6.1.4 Word Spilling

Word spilling happens when data is entered into input fields with fixed length and continuous typing automatically continues in the next field if a field is full. For example, if a given name field with maximal length of 10 characters is given, and a surname field with 20 characters, the name 'maria louisa miller' would be stored as given name 'maria loui' and surname 'sa miller'. To check for word spilling can be a successful data cleaning step if a data set contains such data.

Word spilling concatenates words at the end and beginning of fields and then checks if such a concatenated word is known, i.e. if it is listed in one of the available look-up tables. If so, the concatenated word is kept, otherwise (i.e. if the word is not known) a whitespace character is inserted between the two original words.

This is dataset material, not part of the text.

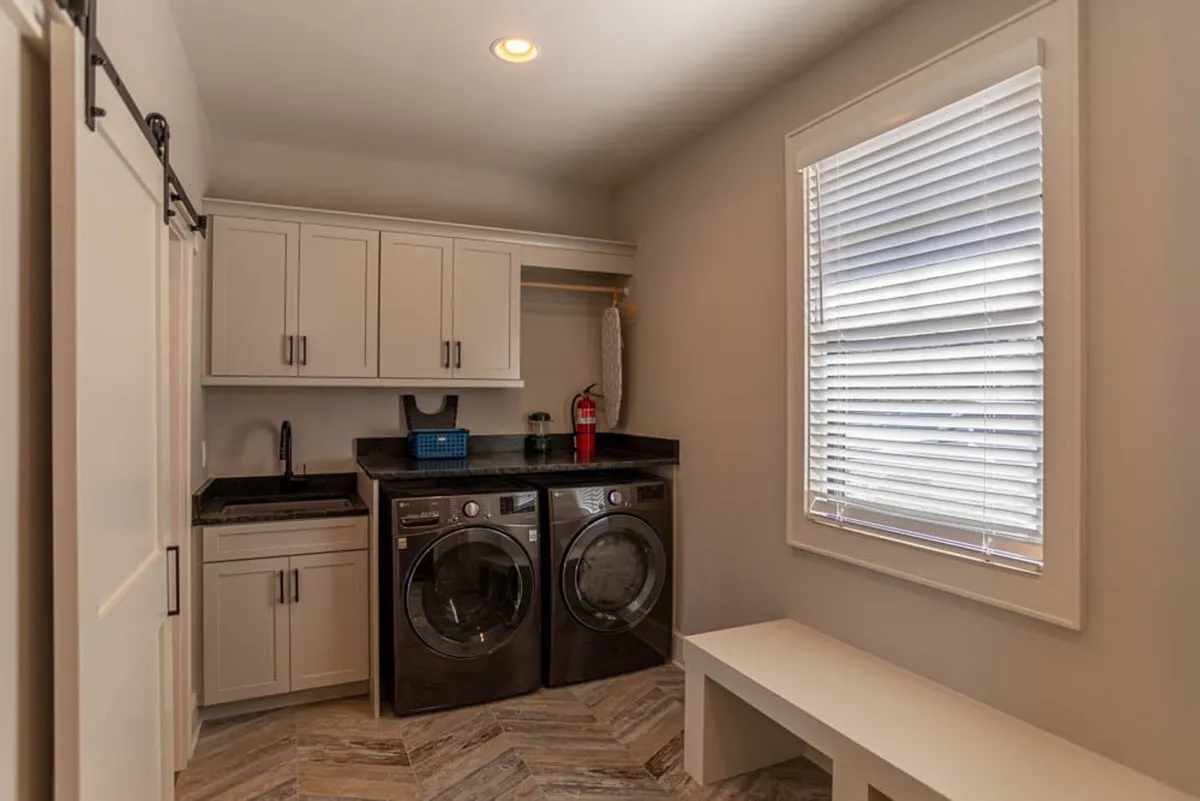 A tidy laundry room with a washer and dryer, countertop workspace, and ample storage cabinets—providing practical convenience for household routines and post-adventure cleanups.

Note: It can be argued, cogently, that in circumstances where the street address is already segmented into components (such as wayfare (street) number, wayfare name, locality (suburb or town) and postal code, it does not make much sense to concatenate these components and then try to parse back into individual components again. Future versions of Febrl will add support for standardising such already-segmented data. However, in real life, things are often not so clear cut, and often data items are entered in the wrong fields or spill over from one field to the next. In these circumstances, it may be advantageous to re-combine all the address and/or names elements and re-segment them in the data cleaning and standardisation process.